Originally posted by Astyanax
First of all, the damn’ thing was only infinitely massive because it had zero volume. Since anything divided by zero is infinite, its density (mass per unit volume) was infinite. As soon as it expanded to any size at all, its mass ceased to be infinite. Its energy, by the way, was zero. And remains zero.
Great posts in this thread as usual Astyanax!


Obviously you're 100% correct about ANY mass resulting in infinite density when the volume is zero.

So we agree completely on the infinite density math.

The same could be said of a black hole singularity, black holes have various finite masses, the ones we know of are roughly 3 solar masses and up. But the math results in a singularity due to the zero volume saying they have infinite density at the singularity.

I thought the big bang theory worked somewhat the same way, in that there was a singularity with infinite density, but I'm not so sure about the infinite mass.

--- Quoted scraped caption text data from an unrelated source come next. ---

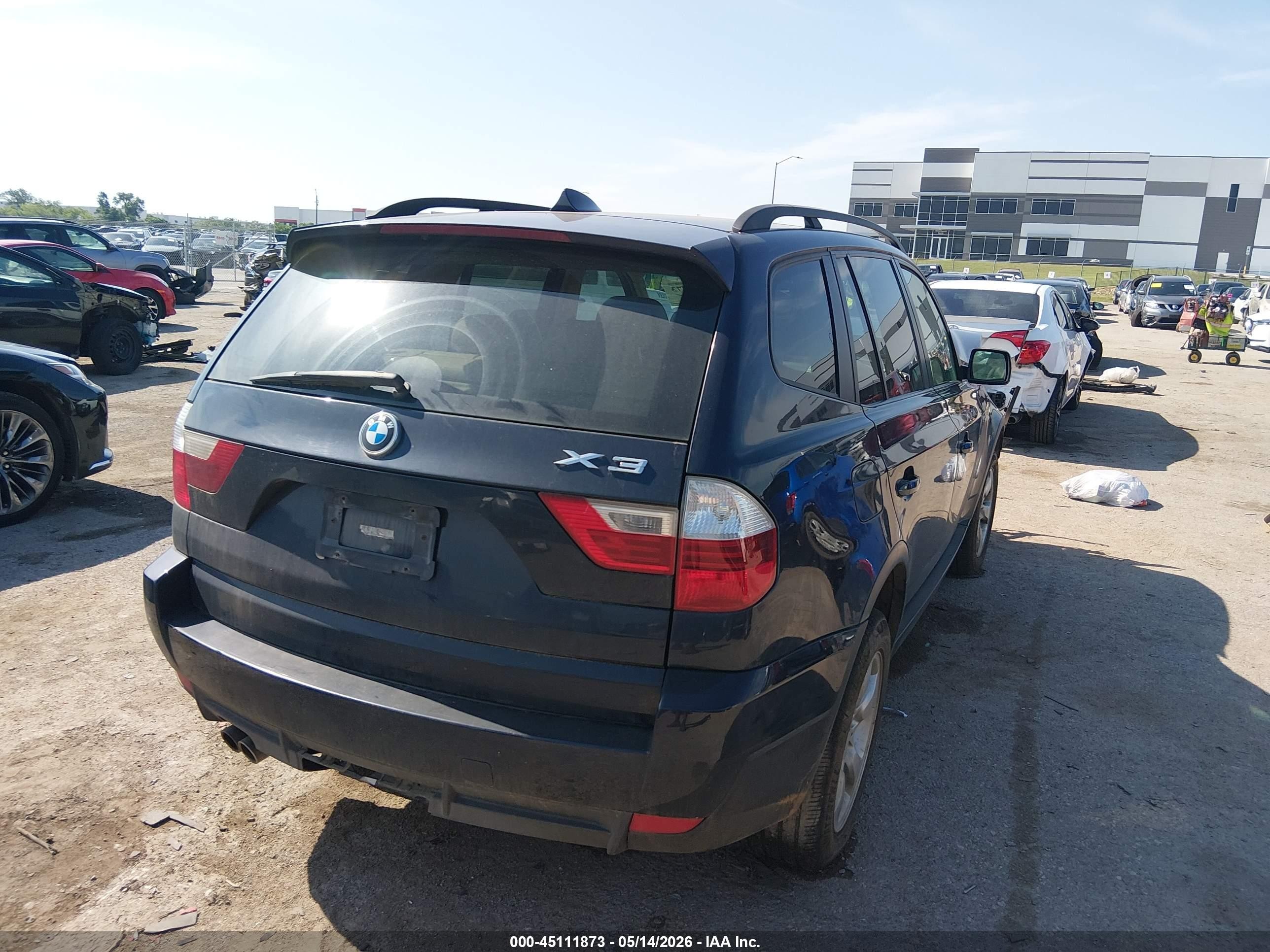 2008 Bmw X3 3.0si Dark Blue vin: WBXPC93478WJ16882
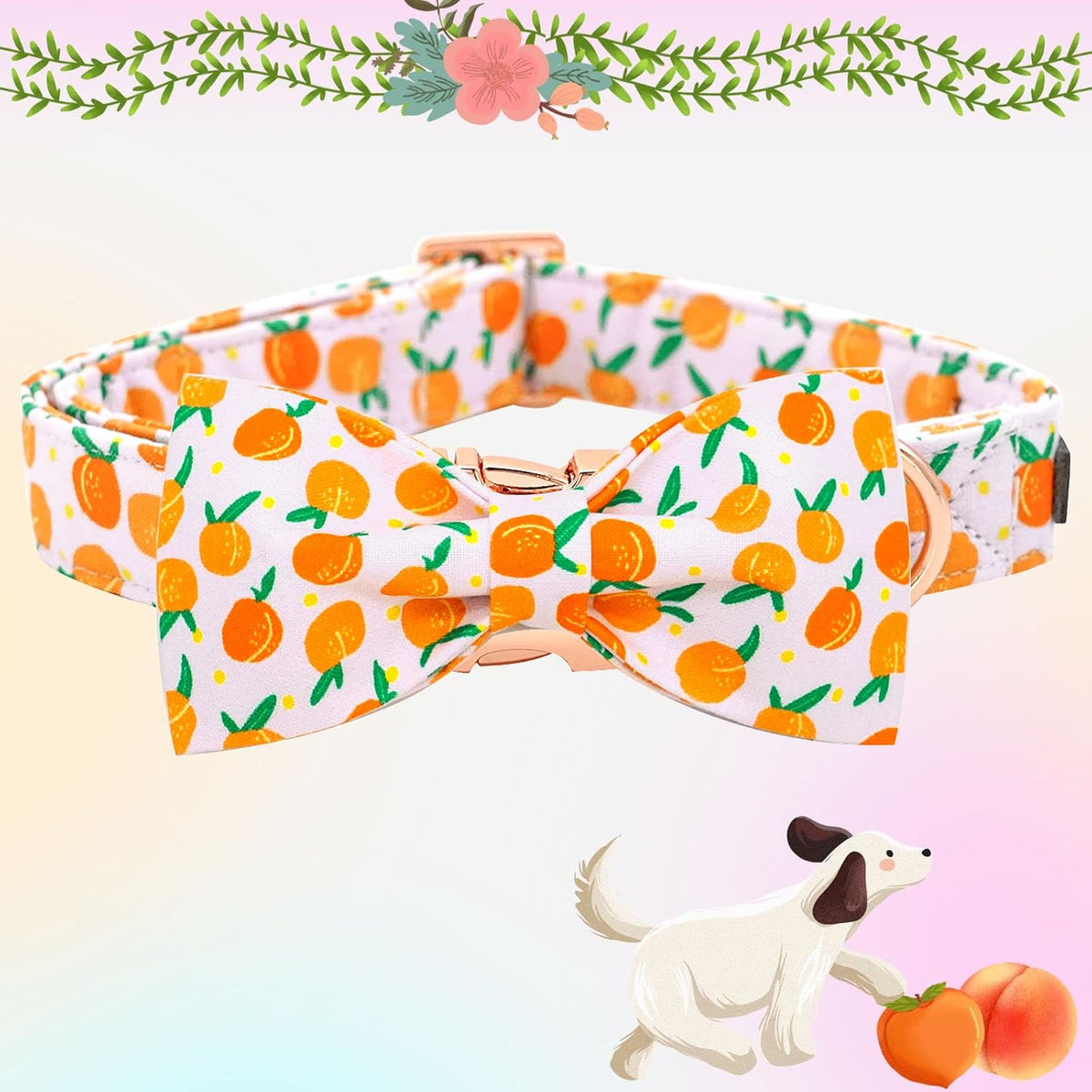 Dog Collar with Bow, Elegant Little Tail Blue Plaid Boy Dog Collar Cute Bow – Essentials for Dogs - Peach / Small (Pack of 1) - image 3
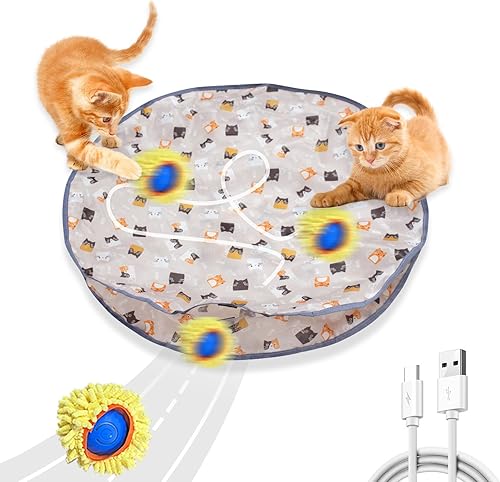 Juguetes interactivos para gatos, juego automático de pelota móvil activada por movimiento, tapete de juego de 28 pulgadas, pelota rodante rápida en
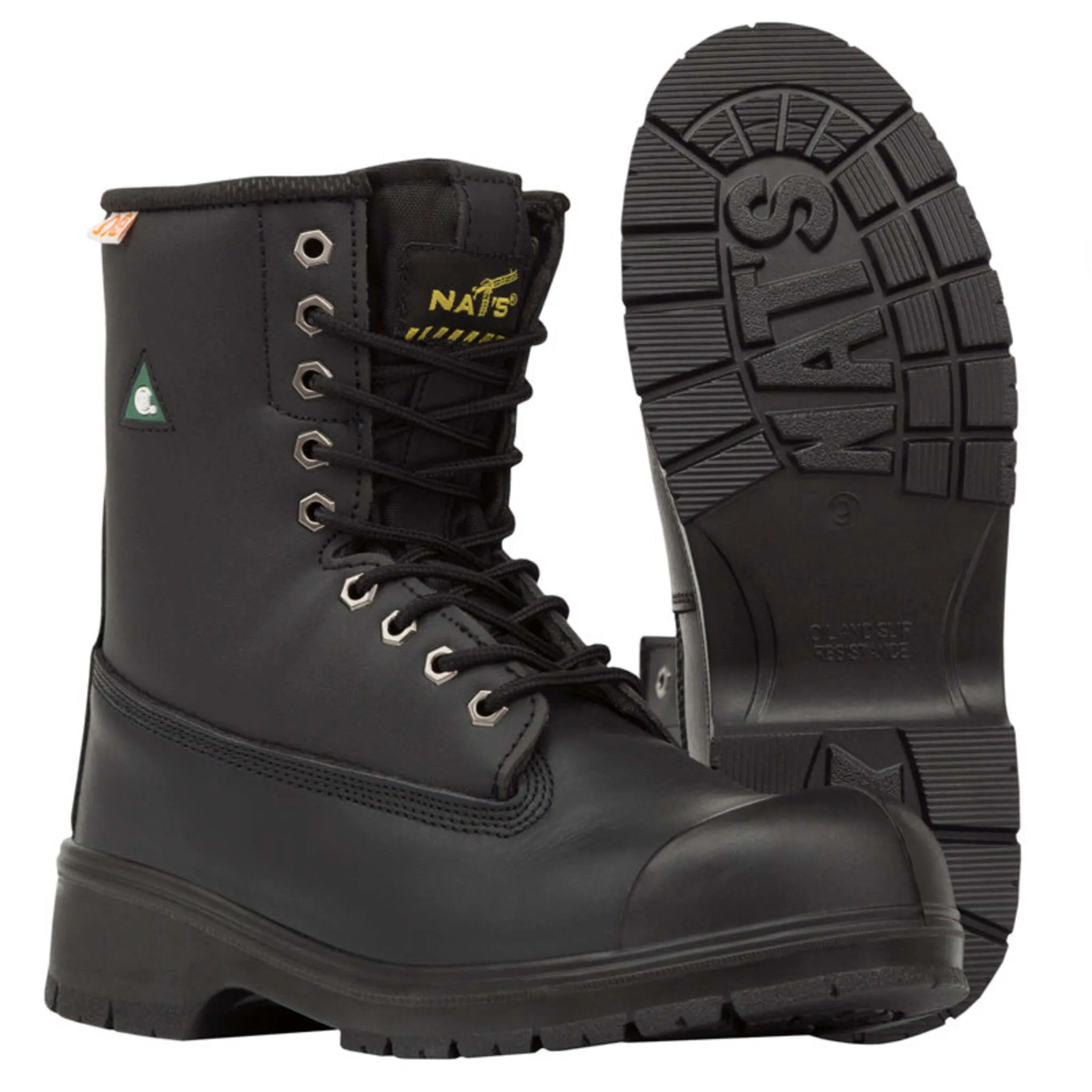 Nats Men's Safety Work Boots S320 | CSA 8" Full Grain Leather Steel Toe and Plate, Double Density PU Outsoles, Oil Resistant | Sizes 7-14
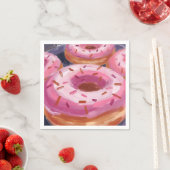 Roze Strooide Donuts Bakken Gebak Servet (Insitu)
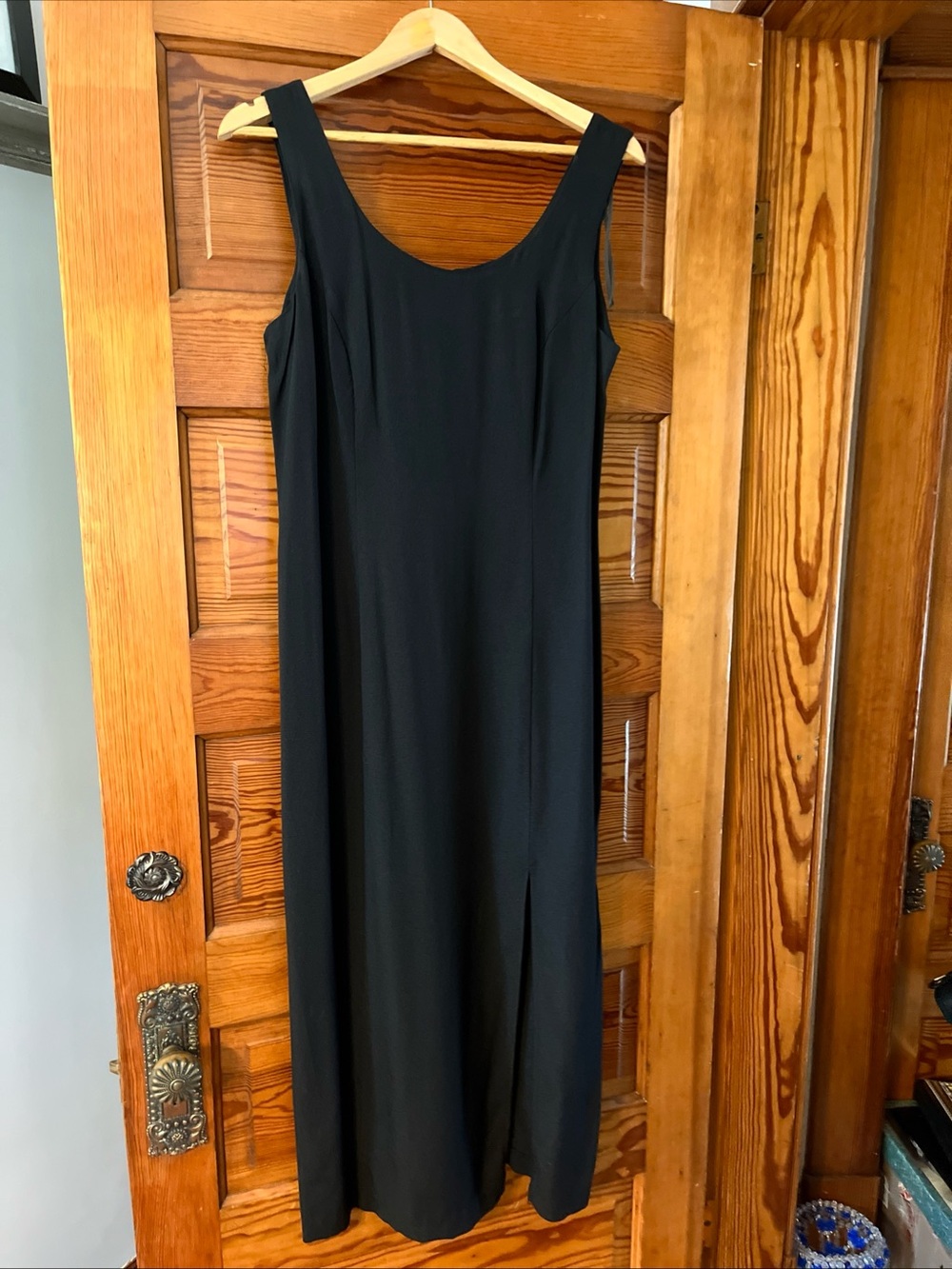 Sheri Martin Classic Black Sleeveless Maxi Dress Size 12 Made in the USA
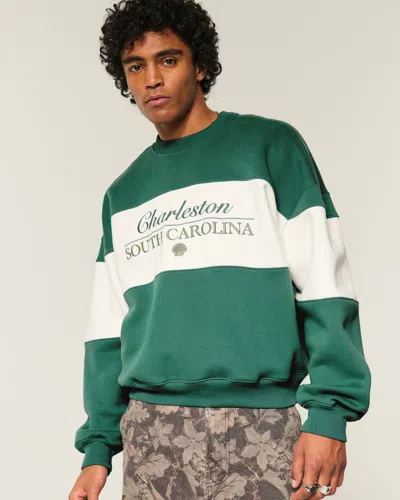 Hollister Baggy Cinch Charleston Graphic Crew Sweatshirt In Green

There also seems to be some debate about whether the universe is infinite or not. I don't see how that's possible for the observable universe, though for all I know there could have been other big bangs that each happened over 100 billion light years away and each has its own observable universe, though this falls into the category of currently unknown and for at least the immediately foreseeable future, unknowable. We're having a hard enough time explaining the observable universe without speculating too much about what's beyond that so I'd just as soon skip that kind of speculation for now.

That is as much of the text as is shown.